**ACTIVITY:** Search term "table": please show all lines in the listing that contain it.

**DATASET EXTRACT:**
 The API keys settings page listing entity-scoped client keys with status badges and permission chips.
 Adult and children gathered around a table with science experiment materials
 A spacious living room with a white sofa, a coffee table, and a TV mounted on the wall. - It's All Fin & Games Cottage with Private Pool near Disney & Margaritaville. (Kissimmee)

**EXPECTED ANSWER:**
 Adult and children gathered around a table with science experiment materials
 A spacious living room with a white sofa, a coffee table, and a TV mounted on the wall. - It's All Fin & Games Cottage with Private Pool near Disney & Margaritaville. (Kissimmee)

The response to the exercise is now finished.